Pero si a la falta de escucha los políticos suman la incapacidad de poder darse la mano aunque se piense diferente, de respetar la palabra dada, de ser fieles a sus compromisos, la gobernación de un país se vuelve casi imposible. Y si se da la mano a los que buscan dinamitar las leyes que nos gobiernan y que nos hemos dado democráticamente, a los que no respetan el ordenamiento constitucional y quieren cambiarlo mediante el chantaje, todo empeora.

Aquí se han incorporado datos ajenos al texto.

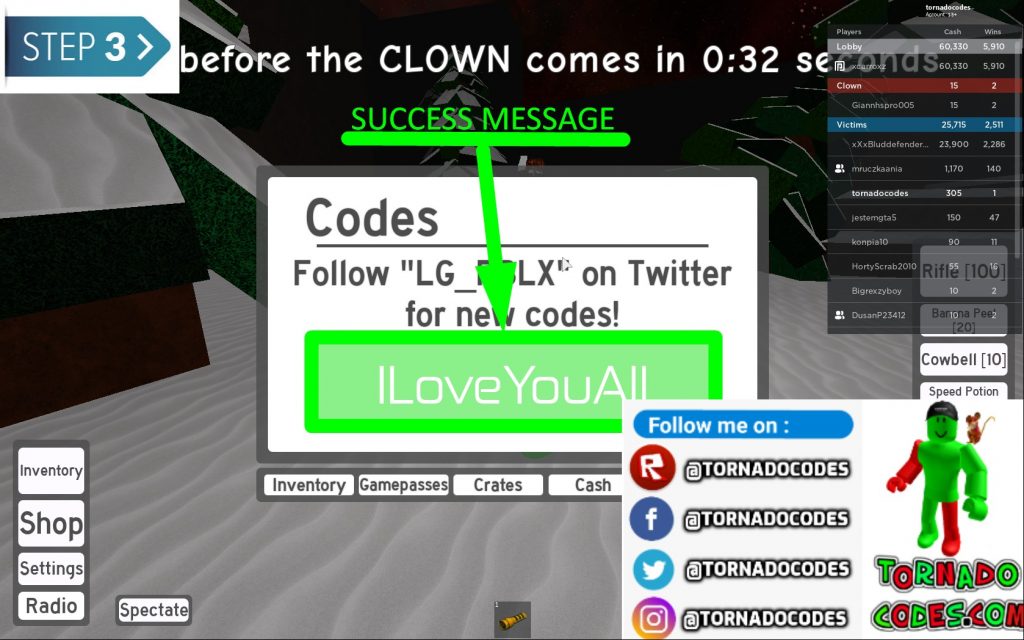 The Clown Killings Reborn Codes List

Lo peor es cuando de no escucharse activamente —incluso entre quienes representan más de dos tercios de los votantes y se prefiere ponerse en manos de quienes apenas tienen un cinco por ciento de los votos— y de ser incapaces de convivir se pasa a darse la espalda. Darse la espalda es desairar, ignorar, desatender, despreciar y hasta humillar. El espectáculo del ministro de Justicia, el presidente del Poder Judicial y el del Tribunal Supremo, en cuyas manos está la confianza de los ciudadanos en la justicia y el correcto funcionamiento de un poder fundamental del Estado de Derecho, dándose reiteradamente la espalda esta semana en dos actos públicos indica por dónde vamos. Claro que si quien gobierna permite el señalamiento de los jueces, refuerza a los que violan los derechos y piden la desigualdad entre españoles y pacta con los que llevan a asesinos en sus listas electorales, ni la escucha ni la mano son instrumentos posibles de concordia. Solo queda dar la espalda, aunque eso no lleva a ninguna parte sino que ahonda en la crisis profunda de la democracia. ¿No habrá nadie capaz, no lo seremos nosotros, de llevar a todos, o al menos a los más fuertes, al camino de la escucha activa de los intereses reales de los ciudadanos?